• _Your objective_: From the first line of the listing to the last, set down everything exactly, but skip the images.

• _Given data_:
# # # # # # #

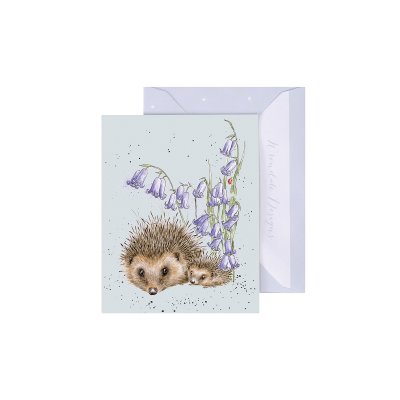 Hedgehogs and bluebell mini card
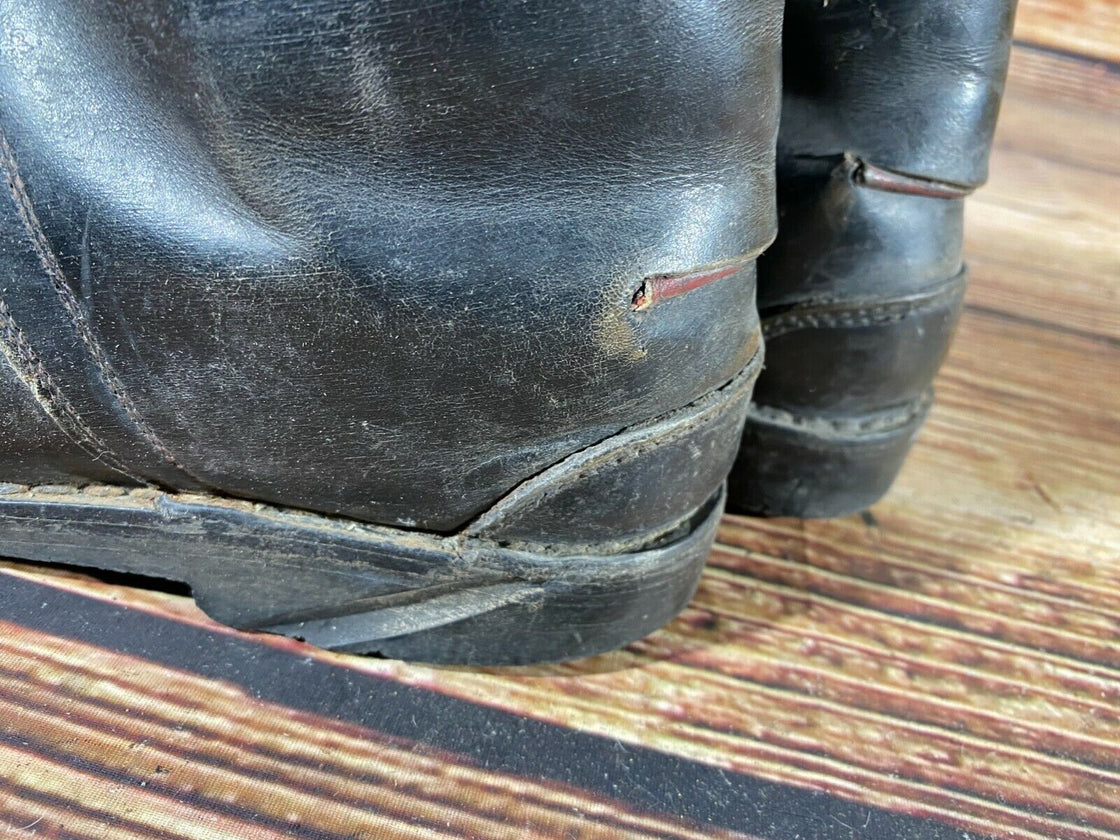 TEK Vintage Leather Alpine Ski Boots Cable Binding EU42, US8.5, Mondo 266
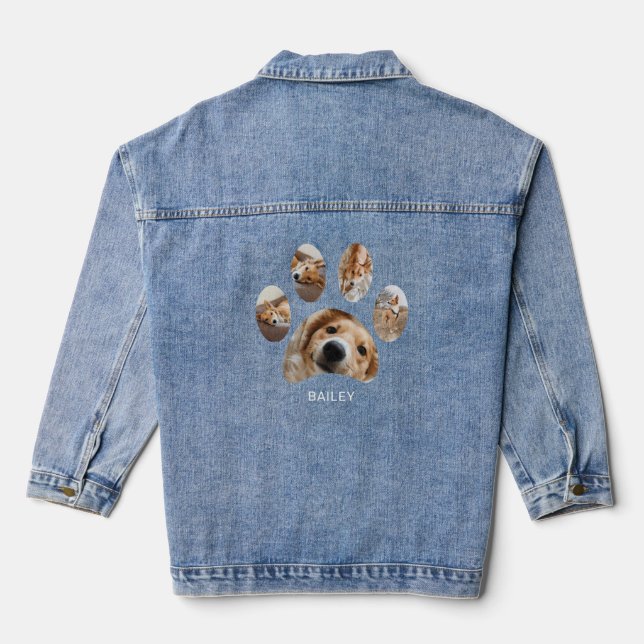 Cute Dog Mom Pet Photo Collage Custom Denim Jacket (Back)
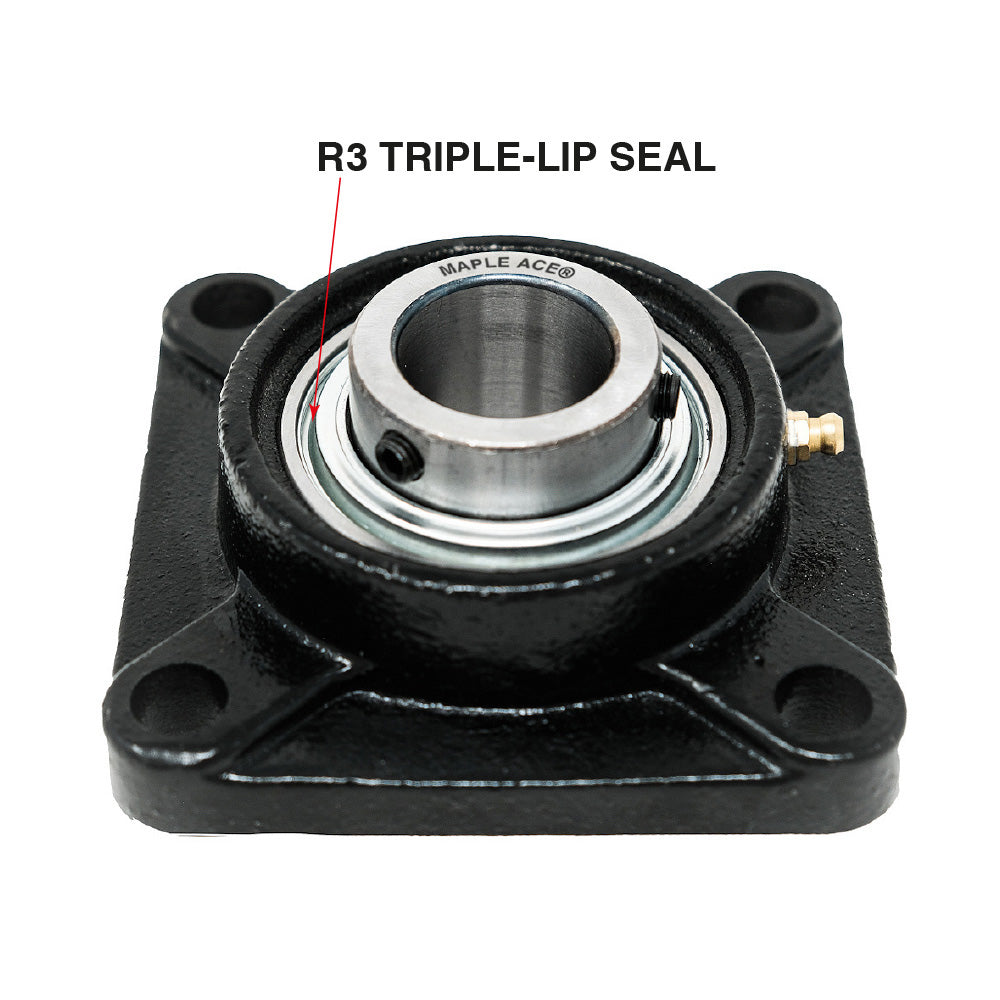 UCF206-19 R3 Triple-Lip Seal Flange Bearing 1-3/16in Bore 4-Bolt Solid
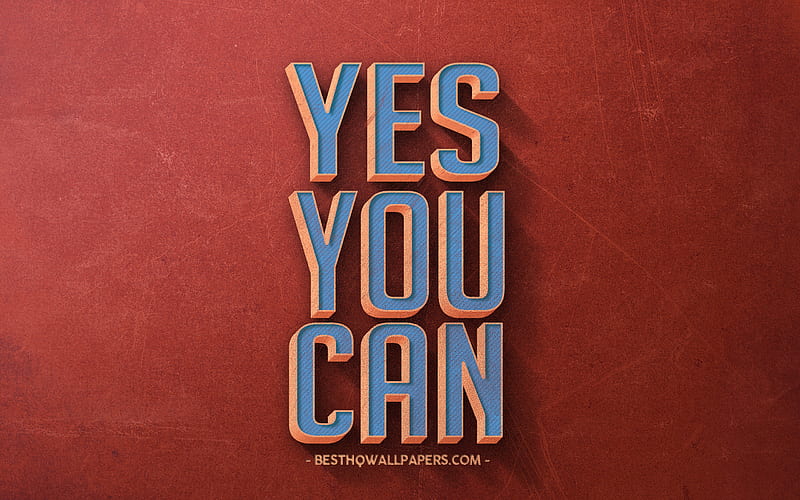 Yes You can, retro style, motivation, inspiration, red retro background, HD wallpaper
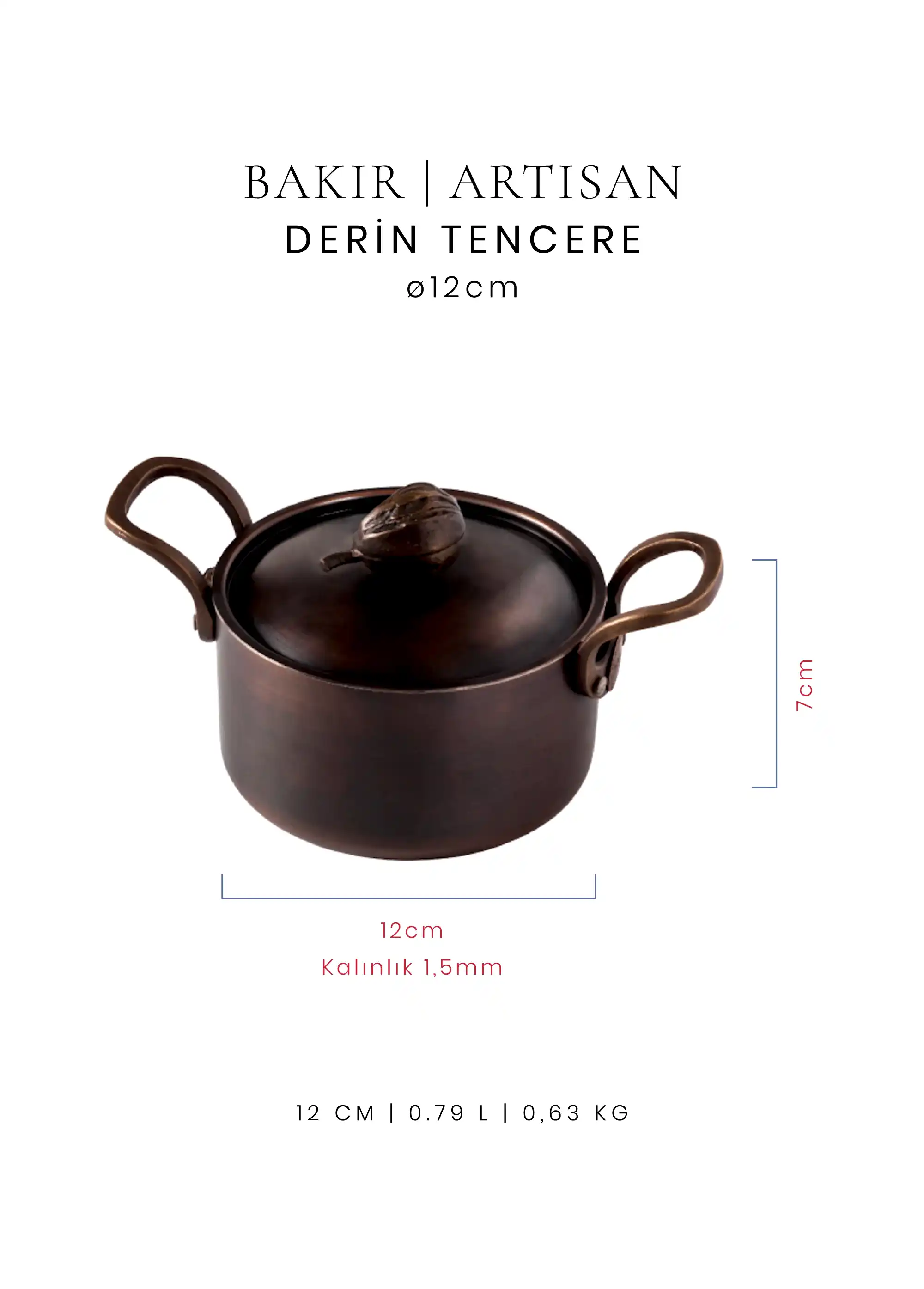 Voeux Derin Tencere - Bakır - Artisan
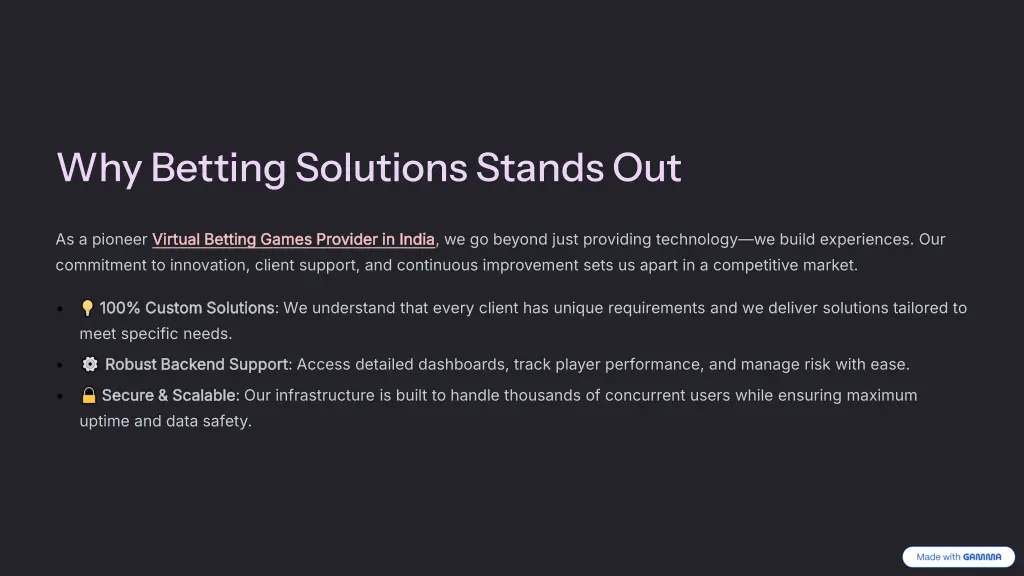 why betting solutions stands out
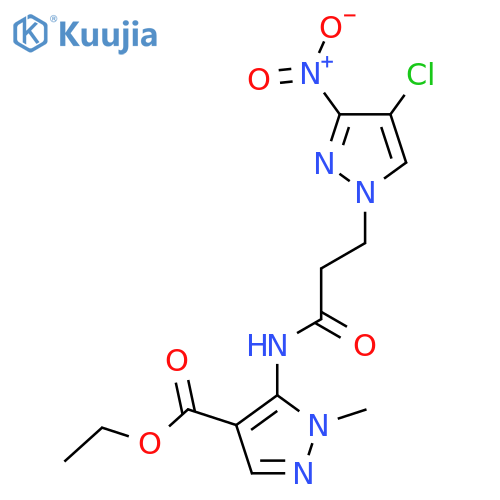 <br>ethyl 5-{[3-(4-chloro-3-nitro-1H-pyrazol-1-yl)propanoyl]amino}-1-methyl-1H- pyrazole-4-carboxylate structure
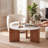 Solid Mango Wood Coffee Table, White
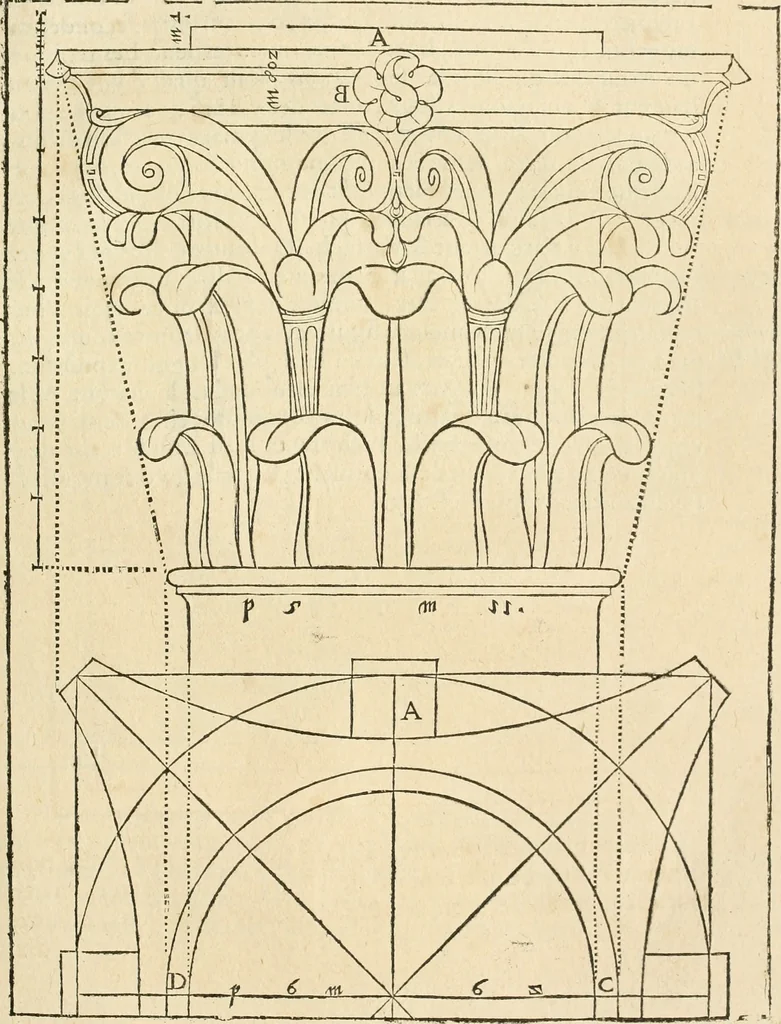 An illustration from Architecture de Philibert de l'Orme ... : uure entiere contenant onze livres, augmentée de deux, & autres figures non encores veuës, tant pour desseins qu'ornemens de maisons : avec vne belle inuention pour bien bastir, & à petits fraiz .., 1626, leaf 382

# # # # # # #

• _Exercise result_:
 Hedgehogs and bluebell mini card
 TEK Vintage Leather Alpine Ski Boots Cable Binding EU42, US8.5, Mondo 266
 Cute Dog Mom Pet Photo Collage Custom Denim Jacket (Back)
 UCF206-19 R3 Triple-Lip Seal Flange Bearing 1-3/16in Bore 4-Bolt Solid
 Yes You can, retro style, motivation, inspiration, red retro background, HD wallpaper
 Voeux Derin Tencere - Bakır - Artisan
 why betting solutions stands out
 <br>ethyl 5-{[3-(4-chloro-3-nitro-1H-pyrazol-1-yl)propanoyl]amino}-1-methyl-1H- pyrazole-4-carboxylate structure
 Solid Mango Wood Coffee Table, White
 An illustration from Architecture de Philibert de l'Orme ... : uure entiere contenant onze livres, augmentée de deux, & autres figures non encores veuës, tant pour desseins qu'ornemens de maisons : avec vne belle inuention pour bien bastir, & à petits fraiz .., 1626, leaf 382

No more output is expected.